Despite the rumblings that life companies and banks, both large and small, are dipping their toes back into the development game, third-party builders such as Summit Construction in Jacksonville, Fla., and LandSouth Construction in Jacksonville Beach, Fla., don’t really seem to be seeing the fruits to these discussions. “We don’t have anything [new] underway that isn’t a HUD deal,” says Marc Padgett, executive vice president for Summit. “Everything has been HUD or tax credit or some type of government-backed type deal.”
That doesn’t mean Summit is doing poorly. In fact, Padgett says the company has enough of these government-backed starts to have a fairly strong year. Other parts of the industry could be seeing this as well with multifamily starts rising 19 percent in March, but it doesn’t seem like conventional construction lending is driving that spike. That could create a real demarcation between the public and private builders over the next couple of years. Until that market comes back, REITs, who are talking about putting shovels back in the dirt, seem to have the edge in getting new product started for what is expected to be healthy demand in the next couple of years.
“I only know of one conventional deal,” says James Pyle, president and CEO of LandSouth. “There has to be more, but I don’t hear about them. You do hear that some insurance companies and pension companies potentially talking about doing some deals, but I haven’t seen any.”
One of his clients is working on a 75 percent loan-to-value deal with an insurance company. “That was the first glimmer I’ve seen of traditional financing in the past year and a half or two years,” Padgett says.
That’s a good sign but not enough to affect his business preparation for this year. “I didn’t hear anybody talk about anything conventional a few months ago,” he says. But they are starting to talk about conventional stuff. I don’t think the talk has gotten far enough along for anything to happen this year. But in another year, I think the banks will be starting to do a little more.”

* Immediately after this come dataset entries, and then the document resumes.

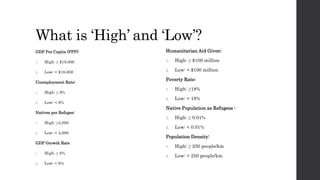 What is ‘High’ and ‘Low’?
GDP Per Capita (PPP):
1. High: ≥ $18,000
2. Low: < $18,000
Unemployment Rate:
1. High: ≥ 9%
2. Low: < 9%
Natives per Refugee:
1. High: ≥4,000
2. Low: < 4,000
GDP Growth Rate
1. High: ≥ 6%
2. Low: < 6%
Humanitarian Aid Given:
1. High: ≥ $100 million
2. Low: < $100 million
Poverty Rate:
1. High: ≥18%
2. Low: < 18%
Native Population as Refugees :
1. High: ≥ 0.01%
2. Low: < 0.01%
Population Density:
1. High: ≥ 250 people/km
2. Low: < 250 people/km
 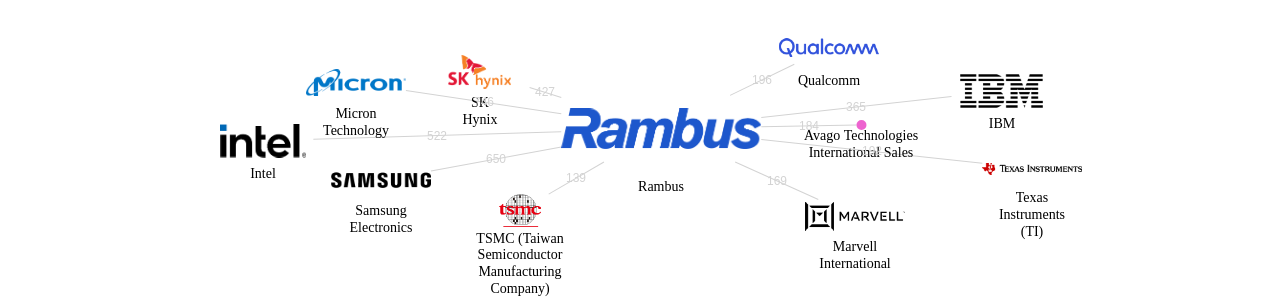 Rambus 보유 US 특허를 피인용forward citation하는 후행 특허 보유 기업 네트워크 데이터 기준일 20240101 그림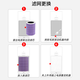 Dong Nailun adapts to Xiaomi (MI) air purifier filter element purifier filter 1st generation/2nd generation/3rd generation/2S/Pro universal purple with chip sterilization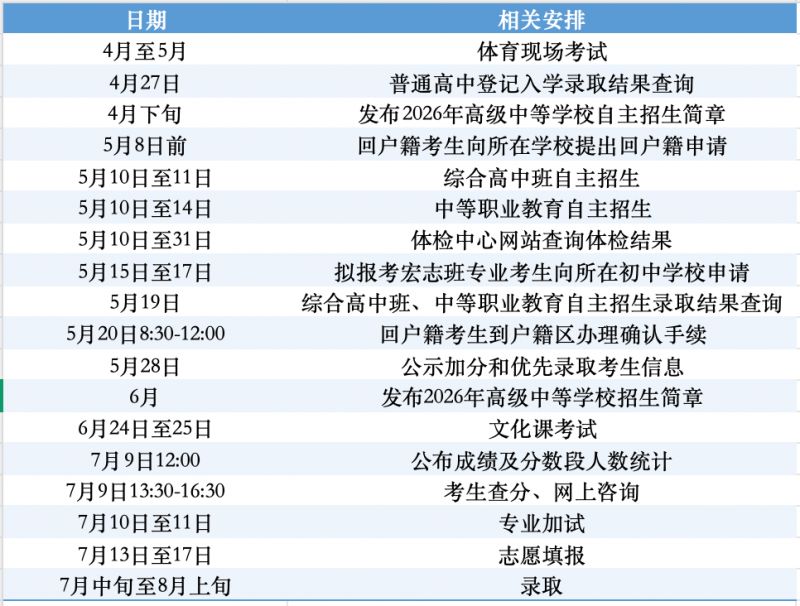 2026北京中考时间安排表最新消息(附图片)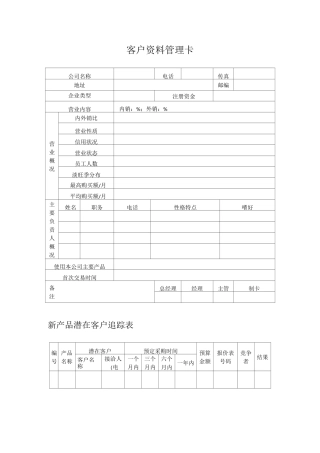 客户管理详细表格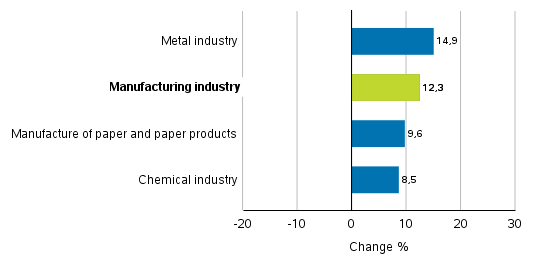 Change in new orders in manufacturing 7/2017– 7/2018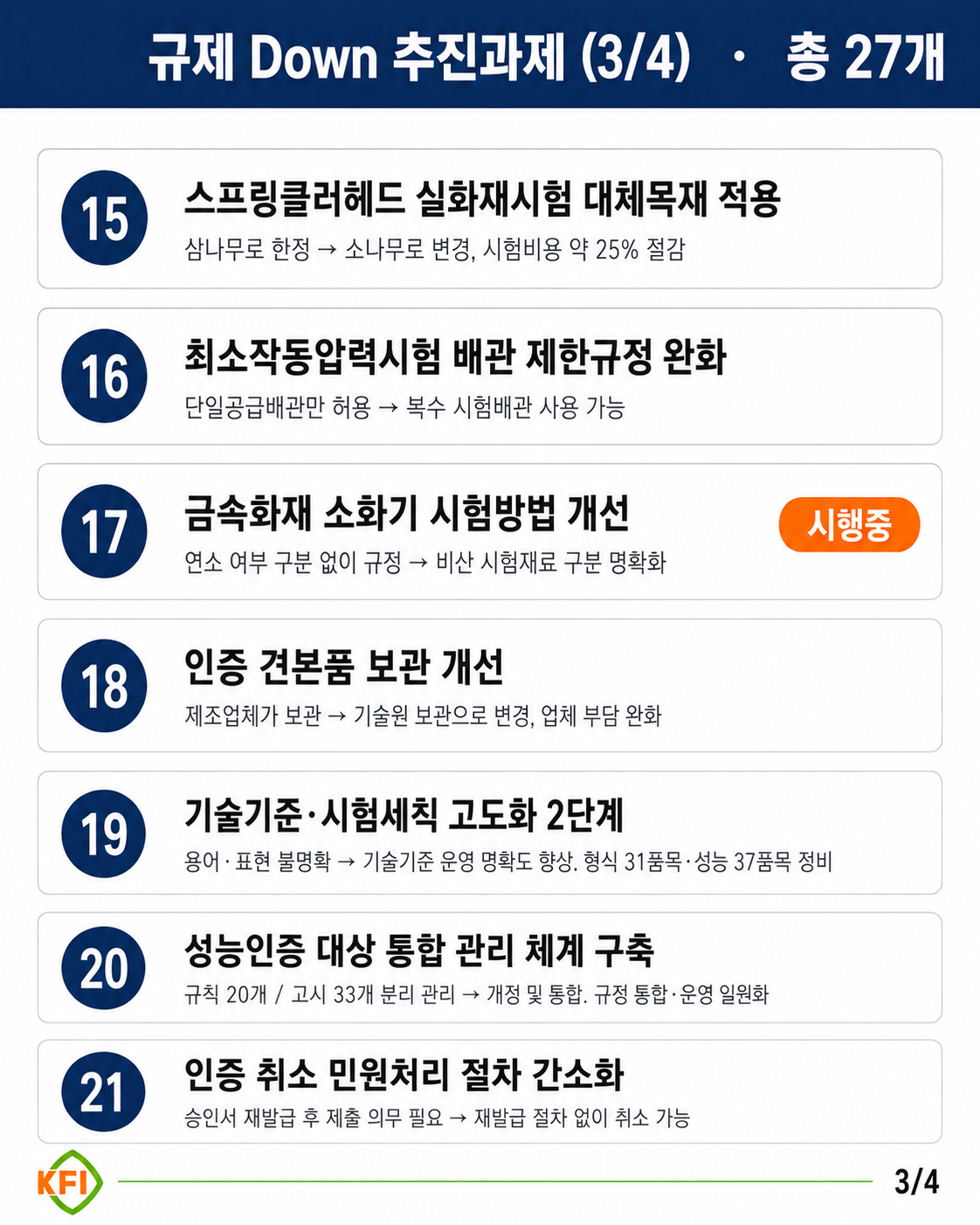 2026 규제 Down 서비스 Up 상세 카드뉴스 5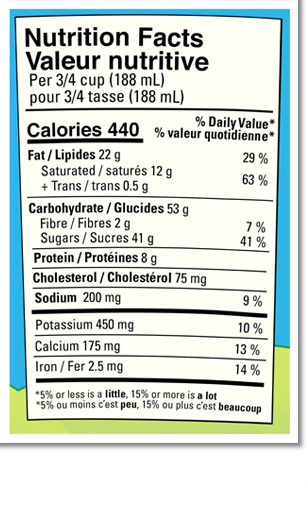 Nutrition Facts
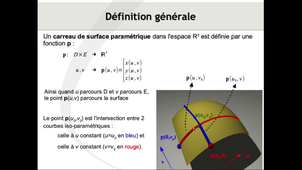 Mondes 3D - Carreaux de Bézier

The conventional construction loans that are out there require a lot more from developers than they were accustomed too during the boom years. Farmington, Mo.-based Peak Land Construction Co. was able to push through a couple of small deals with community banks. But it had longstanding relationships with those banks. Deals with larger groups would be tough, according to Andrew Braxton, president of the company.
“The larger banks want 30 percent to 50 percent equity,” Braxton says. “That does not make sense for our model.”

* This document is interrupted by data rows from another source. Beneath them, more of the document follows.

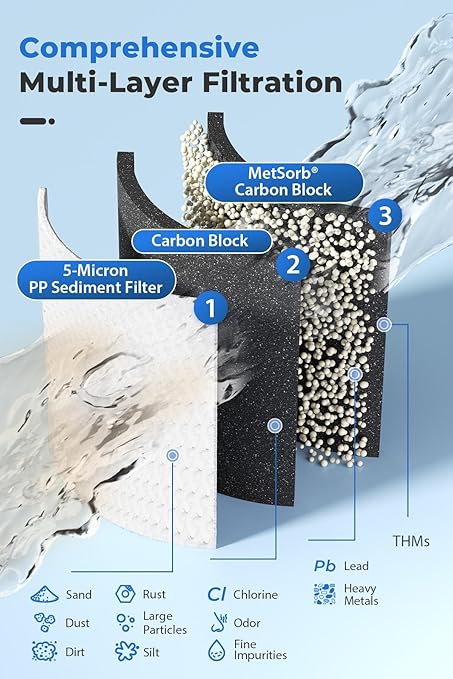 iSpring SGS-Tested Lead Removal Whole House Water Filter System, Reduces Sediments, Chlorine, and up to 99% Lead, Model: WGB32B-CPB, Pack of 1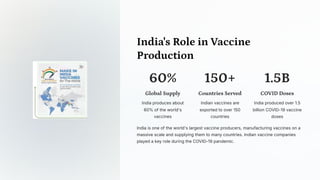 India's Role in Vaccine
Production
60%
Global Supply
India produces about
60% of the world's
vaccines
150+
Countries Served
Indian vaccines are
exported to over 150
countries
1.5B
COVID Doses
India produced over 1.5
billion COVID-19 vaccine
doses
India is one of the world's largest vaccine producers, manufacturing vaccines on a
massive scale and supplying them to many countries. Indian vaccine companies
played a key role during the COVID-19 pandemic.
 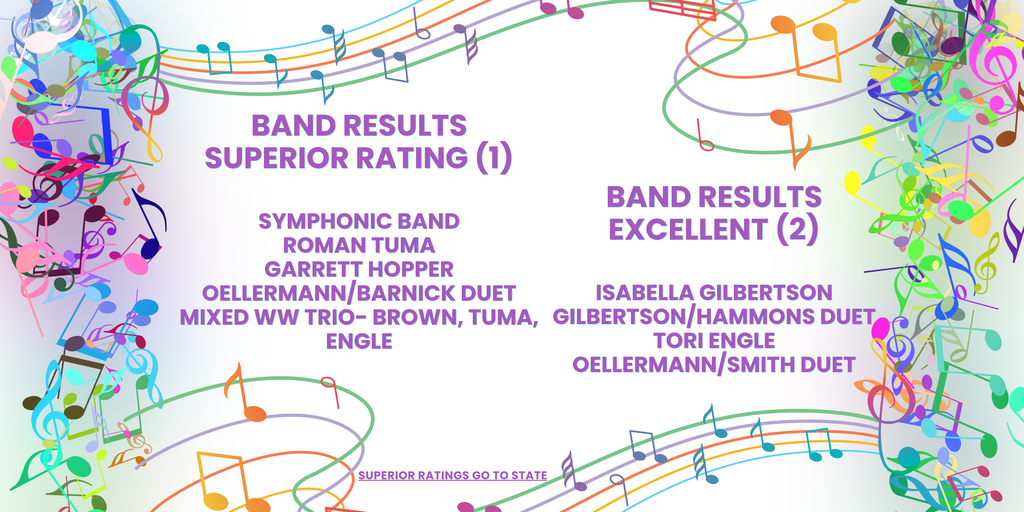 Music Festival Results #2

Unless you’re a REIT, that leaves FHA as the only source of funding—and that getting to be a tougher avenue now, as well. As that’s happening, many of the REITs are actually firing up the construction engines or even putting shovels back in the ground.
“How much of a head start will an AvalonBay get in some markets if they have the line of credit and the cash,” wonders Rod Petrik, managing director at St. Louis-based Stifel, Nicolaus and Co., a regional brokerage and investment banking firm. “They can just write a check.”
Pyle, who says things coming through FHA make it unpredictable in terms of how many starts he will have this year, doesn’t really see things picking up for the privates for another year or so.
And he’s starting to bid a lot more work. “There are more discussions, but I haven’t seen any increase in starts,” he says. “We could see loosening up by the end of the year. I think in 2011, we’ll start to get busy. We may even see some at the end of 2010.”